Anything related to the central bank will have a large impact, as they are the ones who determine interest rates, and interest rates have a big effect on currency flows.
GDP is also important, as when there is an economic slowdown it may result in the central bank reducing rates to boost economic activity. The opposite is also true, large increases in GDP may mean that an interest rate hike might be needed.
Inflation data is also very important. Again, large changes in inflation either way may push the central bank towards changing rates. This data typically is in the form of CPI
Note that each central bank is different. They all have specific mandates and specific pieces of economic data that they place emphasis on. The Federal Reserve as of late has closely been watching inflation data, especially wage inflation data, and employment. Significant deviations in these data points from whats expected by investors can greatly move the market. However, these specific factors are a little less important for, say, Mexico, which is mostly concerned with headline inflation.

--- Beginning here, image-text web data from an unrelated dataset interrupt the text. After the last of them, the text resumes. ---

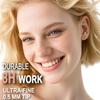 Yfulfill Taupe Eyebrow Pencils for Old Women, Easy to Apply, Ash Blonde Eye Brow Pencil for Women Waterproof view 3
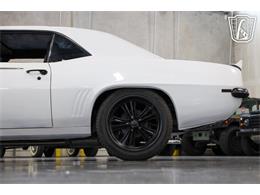 1969 Chevrolet Camaro (CC-2064721) for sale in New Braundfels, Texas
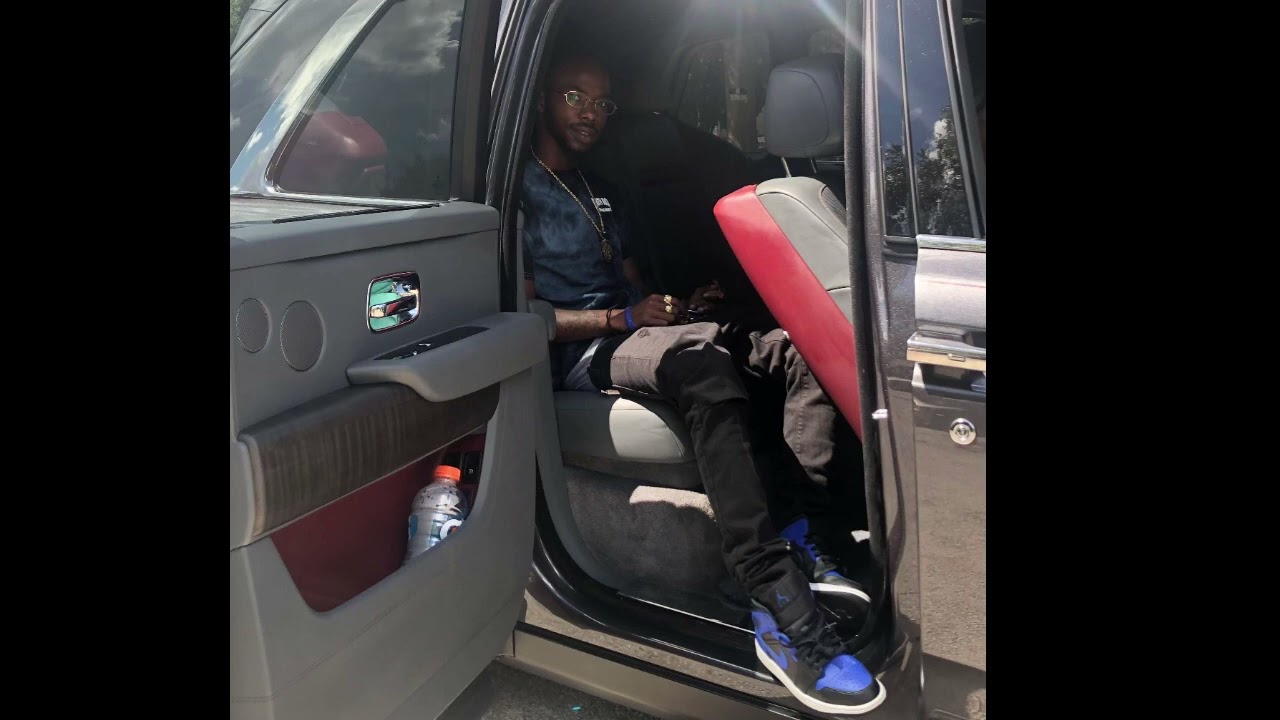 4life - kill da parking lot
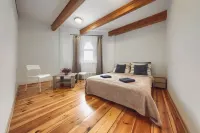 Hostel Sweet Dream Hoteles en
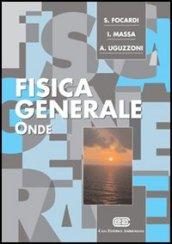 Fisica generale. Onde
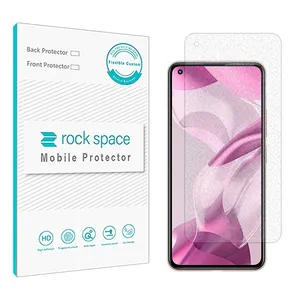 Rock space code GAM gaming screen protector suitable for Xiaomi Mi Lite 5G NE
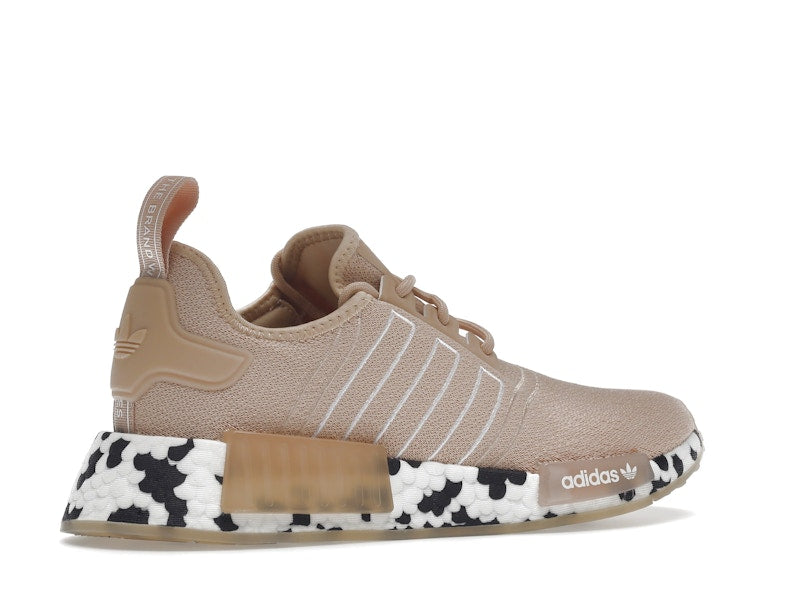 adidas NMD R1 Halo Blush Spotted (Women's)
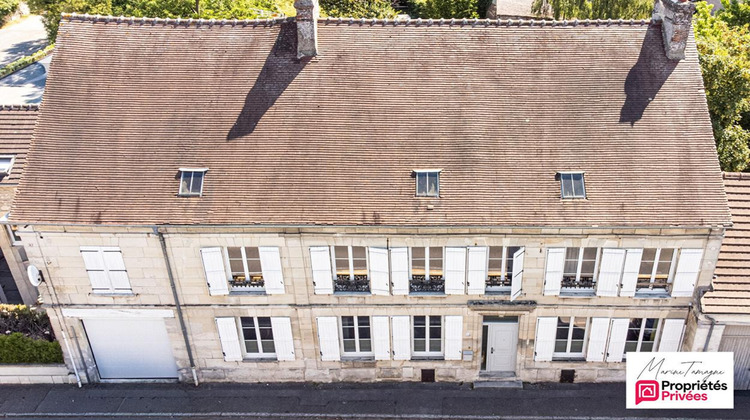 Ma-Cabane - Vente Maison FLEURINES, 270 m²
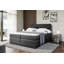 Bralon Bed with Mattress-1747080612-1747080613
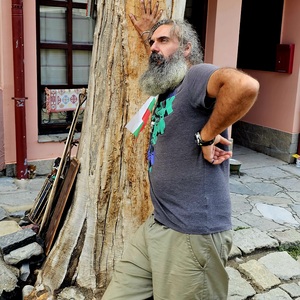 The Peter Pan of Bulgaria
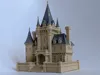 0.12mm layer, 2 walls, 10% infill, v2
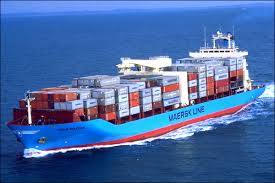 cargo-ship-with-bulk-used-goods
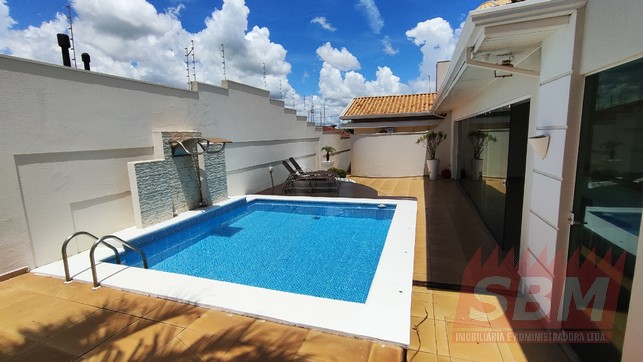 Casa À Venda E Locação Jardim Vista Alegre Barra Bonita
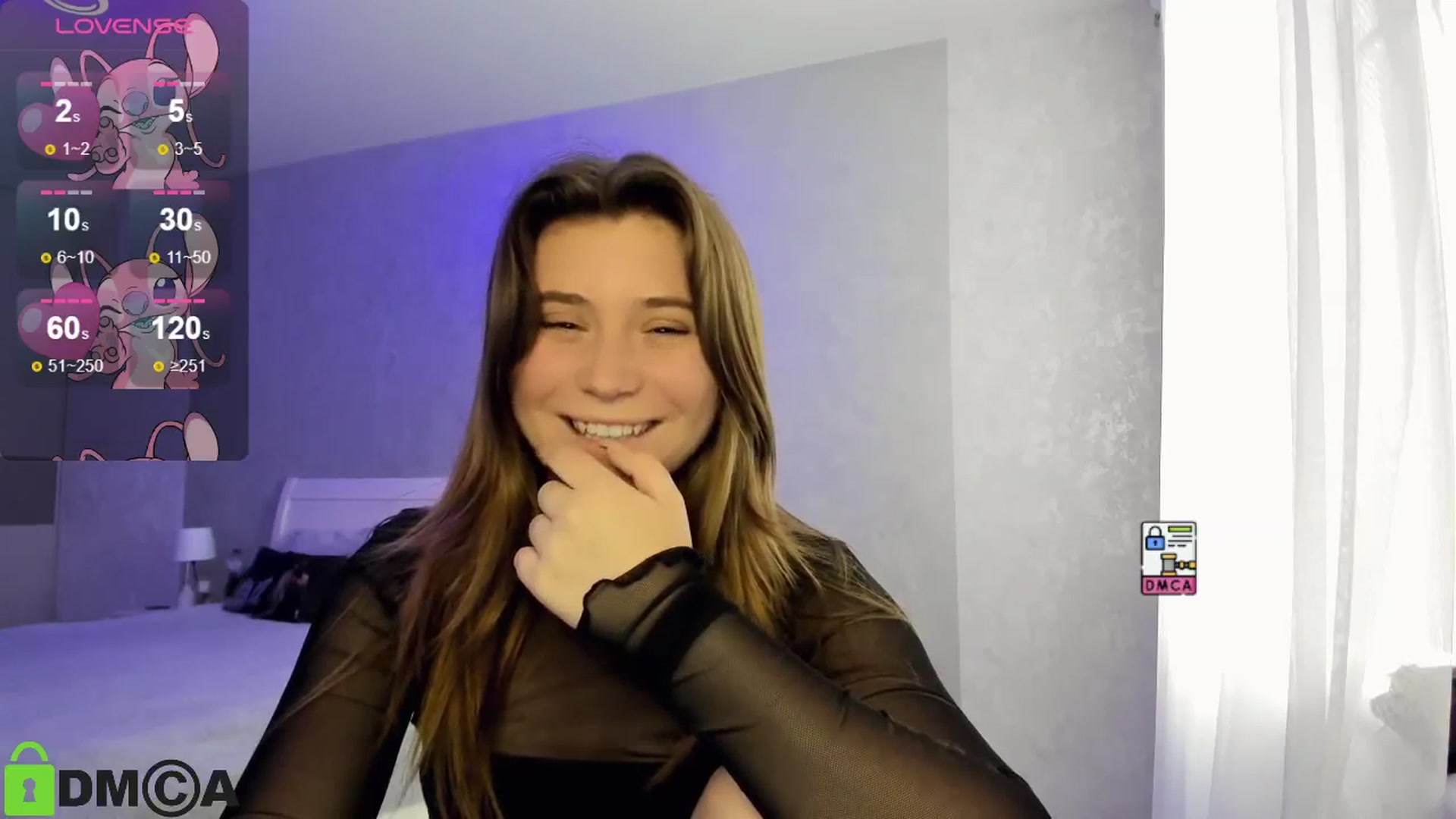 Gallery image thumbnail from MonicaaCute's myfreecams stream on, 07/25/2024, 14:57 image 16 of 20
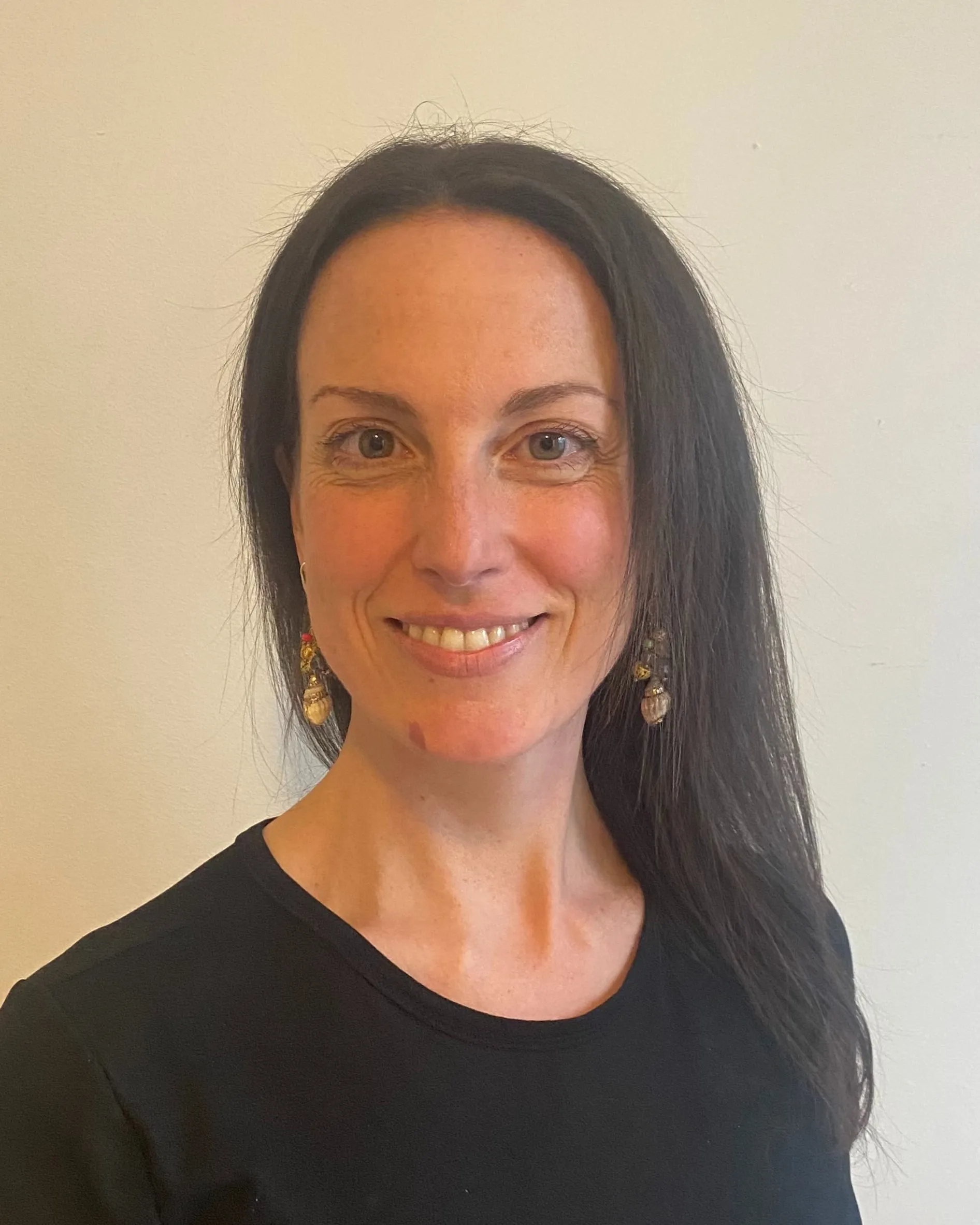 Jacqueline De Senglau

Read the statements issued by the central banks to find out whats important to them.
Central banks also issue expectations for things like growth, CPI, etc. If these expectations are not met, it may result in a policy change, or at least talk of a policy change, at the next meeting of the central bank. Anticipating these policy changes and trading accordingly is one strategy to be a profitable forex trader
Also, there are several forex news calendars online that indicate what is likely to be high impact news. These can be helpful starting out.